Lift as You Climb: The Story of Ella Baker, by Patricia Hruby Powell and illusrated by R. Gregory Christie

Born in 1903, Ella Baker grew up on her grandparents’ North Carolina farm, where they’d once labored as slaves. There she learned to listen to others, to help people in need, and to “lift as you climb.” From her grandfather’s church pulpit, she heard the resounding question, “What do you hope to accomplish?” After college, Baker worked for the NAACP and SCLC. She gradually became a significant figure in the civil rights movement, challenging its leaders on occasion, speaking up for women within the movement, focusing on issues such as voting rights, and always listening at the grassroots level. She helped plan the Freedom Rides, and she advised and befriended many young activists throughout her career. In the striking gouache paintings, Christie uses strong lines and vibrant colors to recreate scenes from Baker’s life and times, while expressing the leader’s dignity, empathy, and determination.

Tuesday, June 23

The Room Where It Happened: A White House Memoir, by John Bolton

If you’ve been paying attention, there aren’t a lot of surprises in former National Security Advisor John Bolton’s book, at least as far as headline stories go. Trump’s blackmailing of Ukraine for personal political gain before finally dispensing congressionally approved funding to that country, our president’s affection for dictators, and his bright idea to invite the Taliban to Camp David days before September 11—all these have all been deeply reported, the latter having been tweet-leaked by Trump himself. Still, it’s enlightening to read about these shocking decisions with voice-over commentary from an eyewitness. In addition, though, there are a few depressing surprises: President Trump taking advantage of the murder of Washington Post columnist Jamal Khashoggi to divert attention from Ivanka’s use of a personal email server (Hello, Hillary!), and his giving support to Chinese leaderXi Jinping to build concentration camps for the minority Muslim Uighurs. When it comes to Trump, Bolton barely needs to point out the inconsistencies and inadequacies; he mostly just reports. 

Wednesday, June 24

See No Stranger: A Memoir and Manifesto of Revolutionary Love, by Valarie Kaur

This amalgam of activist handbook, self-help guide, memoir, and philosophical thesis is hard to define but unquestionably pertinent for tackling the pressing questions born of these times of deep political divide and global crises. Activist and civil-rights lawyer Kaur’s straightforward writing style is the perfect match for her strikingly clear thinking, which together keep the reader focused on her call for revolutionary love. Kaur acknowledges that offering love and reconciliation as resolutions to social injustice can sound simplistic, then proves otherwise when she offers a nuanced approach to making them relevant in complicated contexts.

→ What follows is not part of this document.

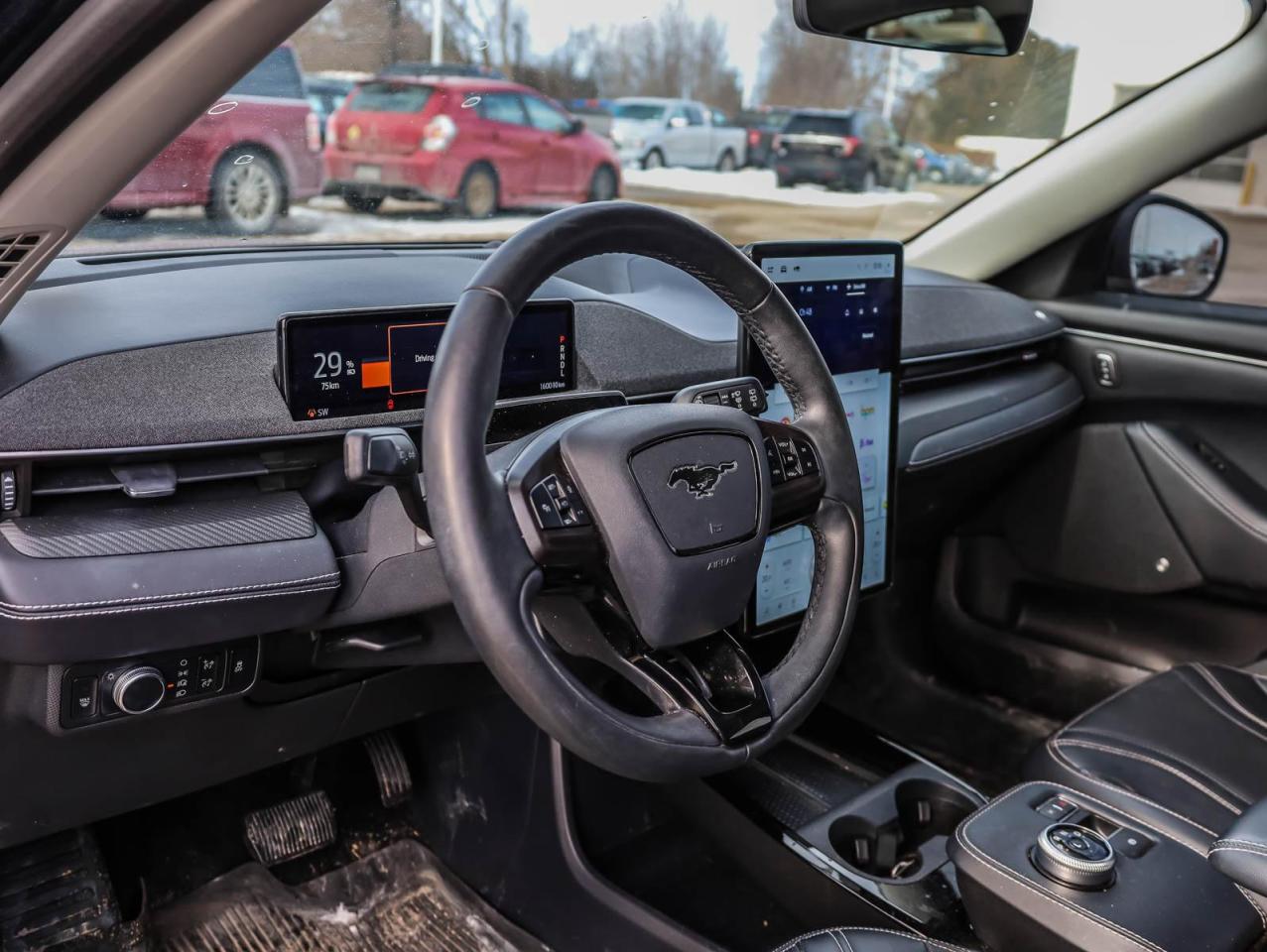 2022 Ford Mustang Mach-E Premium 4dr All-Wheel Drive Photo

Kaur’s experiences growing up in a Sikh farming family in central California and her grounding in religious philosophy inform the way she defines her activism. Her efforts to give voice to the victims of post-9/11 hate crimes, pin down questions of identity in America, and illuminate the ways national policies can be defined by fear are all integrated into three sections about loving people you agree with, loving opponents, and loving ourselves.

Thursday, June 25

Clap When You Land, by Elizabeth Acevedo and read by Elizabeth Acevedo and Melania-Luisa Marte

Producers/directors, take note: this is how to effectively record an audiobook with more than a single narrator. Here, Marte reads Camino’s chapters, while Acevedo picks up Yahaira’s. For chapters featuring both girls, Marte and Acevedo take turns in dialogue. When their words overlap, both narrators speak together. Simple as that sounds, multi-voiced casts rarely achieve the authentic accuracy listeners are gifted here. Indeed, Acevedo’s latest is remarkable, an affecting back-and-forth between two teens whose lives are irreparably altered when a Dominican Republic-bound flight crashes, leaving no survivors. Waiting for a father who never arrives is Camino, raised by her aunt in the DR while her father works in NYC nine months of the year. Waiting for a father who will never return is New Yorker Yahaira, whose silence toward him over the past year can now never be broken. Born almost 17 years ago, just two months apart to different mothers in separate countries, Camino and Yahaira are suddenly connected by the same dead man, and in need of navigating brave new futures.

Friday, June 26

Girl on a Motorcycle, by Amy Novesky and illustrated by Julie Morstad

The adventurous spirit of Anne-France Dautheville is distilled in this arresting ode to her life, though it’s only in the back matter that her name is revealed. It begins in Paris, 1973, with “a girl” gripped by wanderlust and a wish to write about the world, so she packs her motorcycle’s saddlebags—the detailed spread of their contents, from lipstick to pliers, is a treat—and hits the road. Wonder, awe, and bravery are paramount in her ensuing travels, which include visits to Canada, Afghanistan, India, and Turkey. In fact, she becomes the first woman to travel around the world on a motorcycle—another piece of information reserved for the back matter. Powerfully understated, the story reveals Dautheville as a girl who can. A girl unafraid of hard work or of taking a fall. She defies conventions and gender norms through her choices, namely showing the world what a girl is capable of.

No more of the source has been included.